Some things to keep in mind when selecting a Soil Test Lab:

1. If you aren't willing to put the effort into proper sampling, it doesn't mater what lab you use. You might as well use one of the home tests sold at Lowes, because [email protected] in = [email protected] out no matter how good the lab. Studies (my interpretation) have shown that 8 samples from each 3000-3500 square feet section of soil will result in a final sample that has a probability of being representative of the entire 3000 sq. ft. area 90% of the time. Each additional sample above 8, will only improve the probability by 1-2% with diminishing improvement with each additional sample. However, each fewer sample will dramatically reduce the probability that the final mix of samples will be reflective of the whole 3000 sq. ft. plot tested with 4 or fewer total samples having about a 50% or less chance of accurately reflecting the 3000 sq ft area. So if you aren't willing to put the effort in to sample correctly, it doesn't matter which lab you select. Just use a Lowes home test.

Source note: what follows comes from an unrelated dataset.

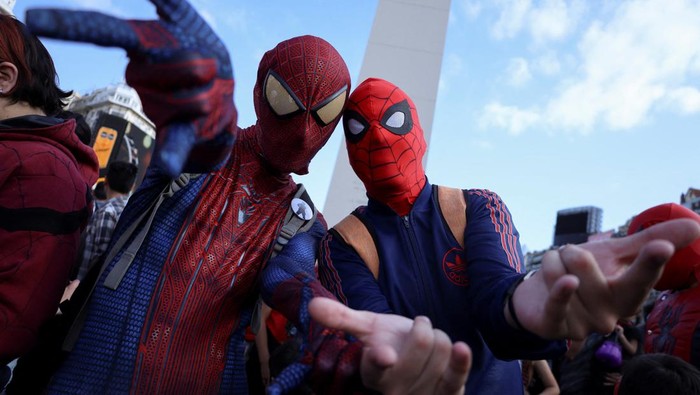 1.000 'Spider-Man' Kumpul di Buenos Aires Argentina, Ngapain? People dressed as Spider-Man point at each other at a Spider-Man cosplayers' gathering, organised in an attempt to set a Guinness World Record for the largest gathering of people dressed as Spider-Man, in Buenos Aires, Argentina October 29, 2023. REUTERS/Cristina Sille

2. Most labs will do a decent job of testing and provide useful results. So, 9 out of 10 times whatever lab you chose will suffice. Soil Savvy or MySoil are not ones I would use. If you want some assurance that a lab has at least met some verifiable standards of accuracy, reliability and repeatability, select one of the labs that participate in and are NAPT/PAP certified: https://www.naptprogram.org/pap.

3. Identify which testing method you want to use. There are a number of nutrient extraction methods. This is dependent on the pH of the soil or, in some cases, an item of personal preference. I happen to be old school and prefer: ammonium acetate for the Base Cations: K, Ca, Mg (gives accurate results no mater the soil pH), Bray/Olsen/Mehlich for P (phosphorous-choice of method is very dependent on the pH of soil - use Mehlich or Bray if pH is below 7.2 and use Olsen if pH is above 7.2), and DTPA for micro-nutrients. However for most turf enthusiasts, I would recommend Mehlich3 if soil pH is below 7.2 (in higher pH soils Mehlich 3 can result in drastically inaccurate Ca and sometimes Mg levels. In higher pH soils, pH >7.2, use ammonium acetate). 
Mehlich 3 is the method preferred and employed by the vast majority of turf research (university and PACE) and it will aid in simplifying comparisons and drawing conclusion between the current research and your soil results. If you wish to employ the MLSN/build/maintenance program I describe as the "Somewhat EASY, SIMPLE METHOD for Determining Fertilizer Rates and Nutrient Levels to Achieve Optimal Nutrient Levels" in my soil test thread then it isn't really critical which measuring stick/test you use as long as it's appropriate (for the pH) for your soil.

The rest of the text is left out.